Por supuesto que ese  hombre "hermético, poco dado a las confidencias, taciturno y difícil" es hoy  un maestro indiscutido, a pesar de las resistencias que encontró su obra en los principios. Recuerdo haber escuchado a Carlos Fuentes decir que se trataba del escritor al que más envidia podía tenérsele. Luis Harss sostiene que se trata de un novelista cuyo tema "es simplemente el sufrimiento humano en el desposeimiento. Escribe como una navaja filosa, cincelando cada palabra en dura roca, como una inscripción sobre una tumba". Felipe Garrido expresa que en  su obra está "la visión de una realidad mexicana, trágica, lírica, subjetiva y parcial: la visión de un poeta acerca de lo que es el hombre en esta tierra o en cualquier otra, ahora y siempre". Universal, eso es, porque su  obra no se pierde "en la geografía ni en las descripciones excedidas de la naturaleza –nos asegura Volodia-, más que un ámbito geofísico fija un clima moral  donde la moralidad escasea". Su contemporáneo y paisano jaliciense Juan José Arreola  lo compara con el muralista Juan Clemente Orozco porque su obra traza  "una estampa trágica y atroz del pueblo de México". García Márquez  ha  confesado que fue la lectura de  Pedro Páramo  lo que  le permitió encontrar el camino que buscaba para  sus  Cien años de soledad.  Y el propio autor, en una lúcida síntesis crítica de lo que  representa su obra,  dice: "precisamente lo que yo no quería era hablar como un libro. Quería  no hablar como se escribe, sino escribir como se habla".

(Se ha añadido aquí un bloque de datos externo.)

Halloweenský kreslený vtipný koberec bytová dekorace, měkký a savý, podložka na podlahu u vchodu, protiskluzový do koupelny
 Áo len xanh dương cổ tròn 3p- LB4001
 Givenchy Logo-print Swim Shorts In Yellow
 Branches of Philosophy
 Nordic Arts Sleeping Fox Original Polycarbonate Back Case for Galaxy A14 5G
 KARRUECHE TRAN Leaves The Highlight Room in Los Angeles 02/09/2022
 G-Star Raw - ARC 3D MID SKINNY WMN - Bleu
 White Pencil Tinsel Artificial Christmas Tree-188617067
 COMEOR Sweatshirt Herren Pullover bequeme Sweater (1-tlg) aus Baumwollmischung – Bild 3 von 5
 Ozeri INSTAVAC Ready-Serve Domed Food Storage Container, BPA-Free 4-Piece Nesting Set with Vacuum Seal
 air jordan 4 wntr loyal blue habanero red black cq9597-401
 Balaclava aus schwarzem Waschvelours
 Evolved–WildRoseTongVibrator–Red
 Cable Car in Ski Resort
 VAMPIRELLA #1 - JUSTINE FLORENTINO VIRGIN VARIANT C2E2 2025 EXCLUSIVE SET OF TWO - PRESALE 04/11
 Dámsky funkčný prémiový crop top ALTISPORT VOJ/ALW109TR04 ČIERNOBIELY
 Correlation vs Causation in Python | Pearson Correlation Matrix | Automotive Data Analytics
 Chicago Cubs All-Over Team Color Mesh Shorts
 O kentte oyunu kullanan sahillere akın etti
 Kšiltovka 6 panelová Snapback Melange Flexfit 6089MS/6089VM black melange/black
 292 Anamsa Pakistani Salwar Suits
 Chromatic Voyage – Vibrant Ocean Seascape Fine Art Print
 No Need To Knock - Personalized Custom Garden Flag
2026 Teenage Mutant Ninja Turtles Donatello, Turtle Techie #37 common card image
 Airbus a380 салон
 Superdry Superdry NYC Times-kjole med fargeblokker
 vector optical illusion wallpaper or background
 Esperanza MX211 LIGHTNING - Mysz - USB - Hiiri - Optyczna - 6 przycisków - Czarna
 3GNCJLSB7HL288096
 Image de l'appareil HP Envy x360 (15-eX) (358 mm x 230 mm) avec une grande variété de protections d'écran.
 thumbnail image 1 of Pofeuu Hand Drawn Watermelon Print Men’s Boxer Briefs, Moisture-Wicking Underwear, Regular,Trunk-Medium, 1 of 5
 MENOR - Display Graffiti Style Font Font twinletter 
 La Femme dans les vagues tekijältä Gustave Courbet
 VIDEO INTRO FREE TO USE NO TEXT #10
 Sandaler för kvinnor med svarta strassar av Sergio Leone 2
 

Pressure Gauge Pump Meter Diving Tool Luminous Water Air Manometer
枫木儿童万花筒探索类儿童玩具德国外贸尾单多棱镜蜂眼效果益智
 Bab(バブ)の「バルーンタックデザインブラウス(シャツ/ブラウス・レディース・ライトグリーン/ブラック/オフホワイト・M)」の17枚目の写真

Probablemente debido a que todos los personajes de  Pedro Páramo están muertos y sólo  se mezclan con los vivos  al recordar vida desde  el otro lado,  se  ha  calificado a Rulfo  como "novelista de la muerte".  Sin embargo sus muertos viven y, como todos los muertos mexicanos, tienen  larga vida,  porque en México no se les deja morir.  Y aunque él no haya usado  en sus cuentos ni en su novela elementos autobiográficos  o asuntos que tuvieran que ver con su familia, es un hecho que su infancia transcurrió durante los años de la Guerra Cristera,  con todas sus secuelas de violencia. Su familia, dice, se desintegró rápidamente  en un lugar que  acabó  destruido: "desde mi padre y mi madre, inclusive todos los hermanos de mi padre fueron asesinados". ¿Dónde está la lógica de todo esto?,  se  pregunta. Y esa interrogante anda por ahí, circulando en su magra pero contundente obra.